# Killington 1/14-16



## steamboat1 (Jan 12, 2015)

I'll be around Wed.-Fri. if anyones interested. My mom & pop are coming up too, 87 & 85 years old respectively. They won't be skiing unfortunately, wish they still could.


----------



## steamboat1 (Jan 18, 2015)

steamboat1 said:


> I'll be around Wed.-Fri. if anyones interested. My mom & pop are coming up too, 87 & 85 years old respectively. They won't be skiing unfortunately, wish they still could.


Only got to ski a 1/2 day on Thurs. afternoon. After 5hrs on the road Wed. morning my timing belt broke on my Subi just as I was going over Sherburne Pass near Pico. Spent the rest of the day at the Subaru dealer in Rutland. Took car service to our lodge & met up with my parents, thank god they were up this week. My car is still in VT. at the dealer. Besides a new timing belt the car needs a valve job. I'm very lucky the entire engine wasn't fried. My mechanic in NY has a problem since I just put a new timing belt in the car 2 weeks ago doing preventive maintenance so something like this didn't happen. He's going to pay me over 2 grand for the cost of repairing the car in VT. That's about what he charged me for doing the preventive maintenance, new belts, hoses, front struts & bearings. I'll have to get back up to VT. sometime this week to pick up the car.


----------



## joshua segal (Jan 18, 2015)

steamboat1 said:


> ...
> He's going to pay me over 2 grand for the cost of repairing the car in VT. That's about what he charged me for doing the preventive maintenance, new belts, hoses, front struts & bearings. I'll have to get back up to VT. sometime this week to pick up the car.


I will be very curious to hear if your dealer pays off without a trip to small claims court.  Please post follow-up. Alternatively, if you paid for it on certain credit cards, call them and stop payment.


----------



## Tin (Jan 18, 2015)

steamboat1 said:


> Only got to ski a 1/2 day on Thurs. afternoon. After 5hrs on the road Wed. morning my timing belt broke on my Subi just as I was going over Sherburne Pass near Pico. Spent the rest of the day at the Subaru dealer in Rutland. Took car service to our lodge & met up with my parents, thank god they were up this week. My car is still in VT. at the dealer. Besides a new timing belt the car needs a valve job. I'm very lucky the entire engine wasn't fried.
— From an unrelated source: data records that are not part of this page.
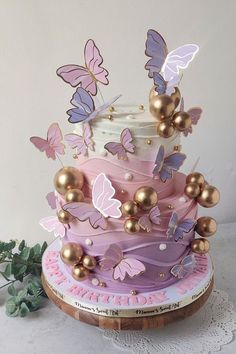 a three tiered cake with butterflies on it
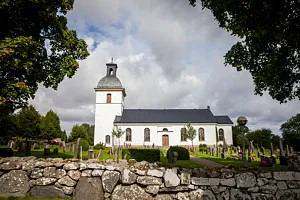 Kyrka framför molnig himmel inramad av grönska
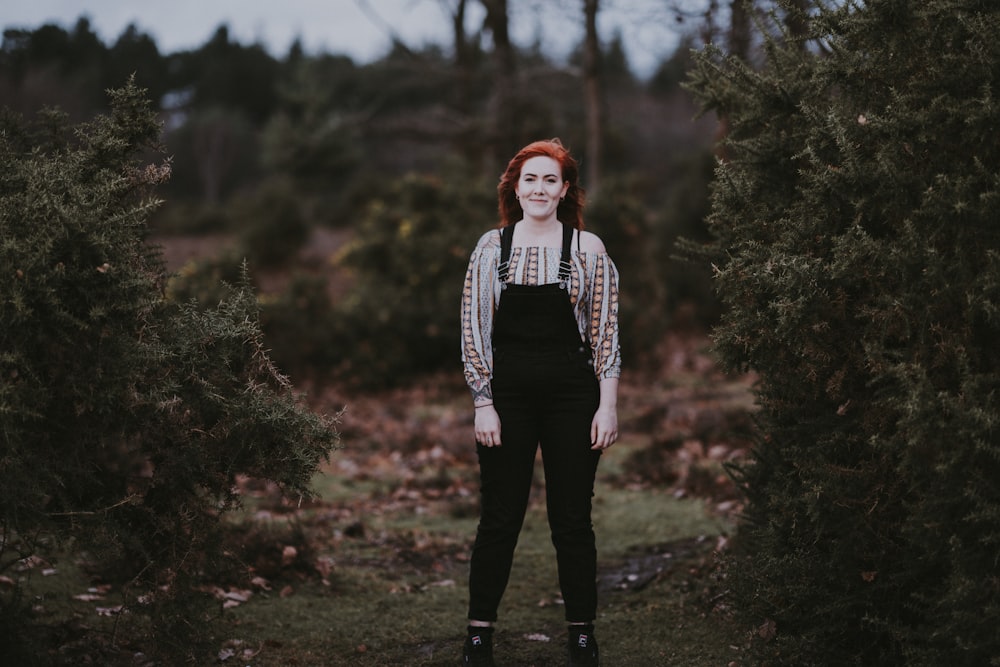 woman in black dungarees standing beside trees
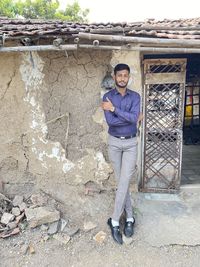 Portrait of young man standing against wall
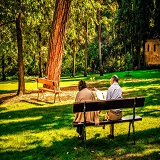 mujer y hombre sentados en banco en el parque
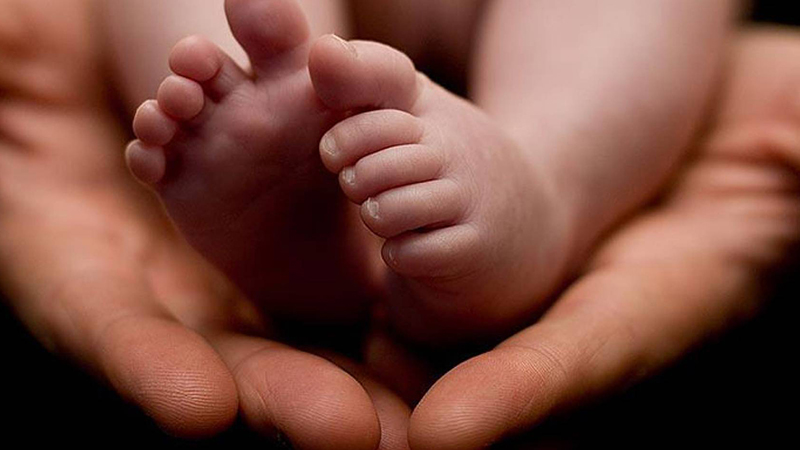 Adult person holding baby's feet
My mechanic in NY has a problem since I just put a new timing belt in the car 2 weeks ago doing preventive maintenance so something like this didn't happen. He's going to pay me over 2 grand for the cost of repairing the car in VT. That's about what he charged me for doing the preventive maintenance, new belts, hoses, front struts & bearings. I'll have to get back up to VT. sometime this week to pick up the car.




Did the belt actually break or was it the tensioner? Very very rare for a belt like that to snap, a lot of mechanics forget about the tensioners. As much as I like my Volvo I hate interference engines. I can't believe it is only 2k for the new belt and valve job. To take the head off and do the valves you're generally looking at almost double that. I would also be worried about the tops of the pistons. Good luck with it. Sorry to hear.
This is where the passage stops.